The Nigerian government’s latest gambit in the fight against terrorism – a border fence – is a tragicomic policy misfire. President Bola Tinubu’s quiet approval of this strategy, announced by Chief of Defence Staff, Gen. Christopher Musa at a recent security conference, reflects not just desperation, but a fundamental misunderstanding of both the nature of terrorism and the scale of Nigeria’s border crisis. The comparison to Pakistan and Saudi Arabia is not just misleading; it is deeply unserious, if not outright absurd and pig-headed.
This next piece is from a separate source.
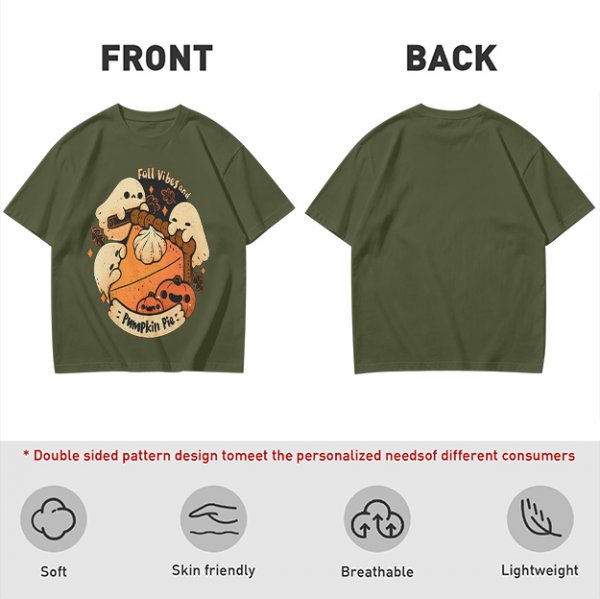 Fall Vibes and Pumpkin Pie Ghost Graphic T-Shirt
Geographic Impossibility: A Fence Built on Delusion
Nigeria’s land borders span over 4,000 kilometers across four volatile neighbors—Niger, Chad, Cameroon, and Benin. These are not neat, flat lines on a map. They stretch across forests, deserts, rivers, marshes, and mountains. Building a continuous, secure, and maintained barrier in such terrain is a logistical nightmare. Maintaining it, in the face of natural erosion, sabotage, and insurgent infiltration, would require more resources than Nigeria’s entire current security budget.
This isn’t just expensive. It’s geopolitical fantasy.
Security by Symbolism: Walls Do Not Stop Terrorists
The suggestion that a physical barrier could deter hardened, mobile, ideologically-driven terrorists who navigate across vast deserts with motorcycles, trucks, and local informants is laughable. These are not ordinary criminals hopping fences. These are insurgents who have outsmarted multinational joint task forces, drone surveillance, and entire military battalions. Boko Haram and its splinters have operated inside Nigeria for more than a decade with or without open borders. Their strength lies in exploiting weak institutions, poverty, local grievances, and corrupt border officials—not open landscapes. A wall won’t fix what weak governance, broken policing, and failing intelligence have allowed to fester.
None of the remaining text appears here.